Scientific classification
- Kingdom: Animalia
- Phylum: Chordata
- Class: Aves
- Order: Passeriformes
- Family: Alaudidae
- Genus: Calandrella
- Species: C. blanfordi
- Binomial name: Calandrella blanfordi (Shelley, 1902)
- Subspecies: See text
- Synonyms: Calandrella blandfordi; Tephrocorys blanfordi;

= Blanford's lark =

- Genus: Calandrella
- Species: blanfordi
- Authority: (Shelley, 1902)
- Conservation status: LC
- Synonyms: Calandrella blandfordi, Tephrocorys blanfordi

Species of bird

Blanford's lark or Blanford's short-toed lark (Calandrella blanfordi) is a small passerine bird of the lark family, Alaudidae, which is native to north-eastern Africa. Its common name commemorates the English zoologist William Thomas Blanford.

==Taxonomy and systematics==
Blanford's lark was formerly included in either the greater short-toed lark (C. brachydactyla) or the red-capped lark (C. cinerea) but is now commonly treated as a separate species. Alternate names for Blanford's lark include Blandford's lark, Blandford's short-toed lark and Blanford's red-capped lark.

===Subspecies===
Two subspecies are recognized:
- Calandrella blanfordi blanfordi - (Shelley, 1902): Found in northern Eritrea
- Calandrella blanfordi erlangeri - Erlanger's lark- (Neumann, 1906): Found in Ethiopia

==Description==
Blanford's lark is 14-15 centimetres long. The upperparts are pale sandy-brown with some darker streaking and the crown is rufous. The underparts are pale and plain apart from a small dark patch on the side of the neck made up of vertical streaks. The greater short-toed lark is similar but has a greyer, more-streaked crown.
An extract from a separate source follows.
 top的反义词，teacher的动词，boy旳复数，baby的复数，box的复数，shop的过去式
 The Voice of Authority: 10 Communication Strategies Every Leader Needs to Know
Erlanger's and red-capped larks have darker upperparts with more streaking and a darker rufous crown. Erlanger's lark has larger dark neck-patches while in red-capped lark the patches are rufous.

Blanford's lark has a sparrow-like flight-call. The song is given in a circular song-flight and includes a mixture of chew-chew-chew-chew notes and fluid phrases.

==Habitat and movements==
They occur on open stony plains, often with bushes. In Arabia, it breeds between 1800 and 2500 metres above sea-level with some birds dispersing to lower ground in winter. The species is often seen in flocks outside the breeding season.